Interview. Marion Stückler (33) erzieht ihre Kinder (Kathrin, 8, und Raphael, 5) nach diesem Prinzip. Die Kärntner Familie hat uns einen Einblick in ihren Alltag gewährt.

Weshalb haben Sie sich entschlossen, Ihre Kinder zu Hause zu unterrichten?
MARION STÜCKLER:
Das war eigentlich gar nicht so geplant. Meine Tochter hat mir gezeigt, dass sie nicht in den Kindergarten und die Schule gehen will. Das hat sich so geäußert, dass Kathrin psychische Veränderungen und Erkrankungen hatte. Dieses Leid, dass sie zum Ausdruck gebracht hat, konnte ich nicht ignorieren. Aufgrund dessen habe ich angefangen, mich zu informieren, welche Möglichkeiten es da gibt. So sind wir langsam in die Richtung des häuslichen Unterrichts beziehungsweise des Freilernens gegangen.

Es war also keine Entscheidung, die Sie vorab getroffen haben?
STÜCKLER:
Nein, ich habe das System niemals angezweifelt, auch wenn es mir damals während meiner Schulzeit selbst nicht gut gegangen ist. Ich wäre gar nicht auf die Idee gekommen, dass es irgendetwas anderes gibt. Das Freilernen kann aber auch nach hinten losgehen, wenn man es nicht aufgrund der Bedürfnisse der Kinder macht, sondern aus den falschen Gründen. Häuslicher Unterricht ist viel Arbeit, man muss alles neu überdenken. Das Gleichgewicht neu herzustellen innerhalb Familie ist viel Arbeit.

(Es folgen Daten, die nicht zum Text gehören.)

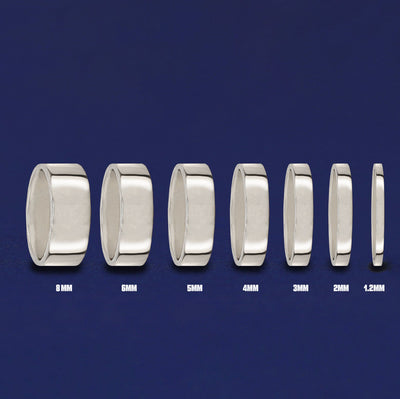 Seven versions of the Platinum Industrial Mirror Band showing the different thickness options of the ring from 8mm to 1.2mm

Wie sieht der Alltag bei Ihnen aus?
STÜCKLER:
Das ist schwierig zu beantworten. So einen richtigen Alltag haben wir nicht. Wir machen echtes Freilernen: Das schaut so aus, dass jeder selbstständig Entscheidungen treffen darf. Meine Tochter hat keine feste Regeln und Rituale, die ich ihr vorgebe. Es gibt Tage, da steht sie um zehn Uhr auf, weil sie am Vorabend noch lange an etwas getüftelt hat, und dann gibt es Tage, an denen sie um 5 Uhr anfängt.

Und wie eignen sich Ihre Kinder Wissen an?
STÜCKLER:
Meine Kinder spielen den ganzen Tag. Außer Spielen gibt es bei uns zu Hause nichts.

Aber nicht alle Lerninhalte machen unbedingt Spaß.
STÜCKLER:
Das sind die alten Meinungen, die bis jetzt vorherrschen. Es gibt viele Theorien, die besagen, dass nachhaltiges Lernen nur dann passiert, wenn ein Mensch Begeisterung für etwas auf bringt. Meine Kinder lernen dadurch, dass sie sich für etwas begeistern. Sie lernen es einmal und vergessen es nie wieder.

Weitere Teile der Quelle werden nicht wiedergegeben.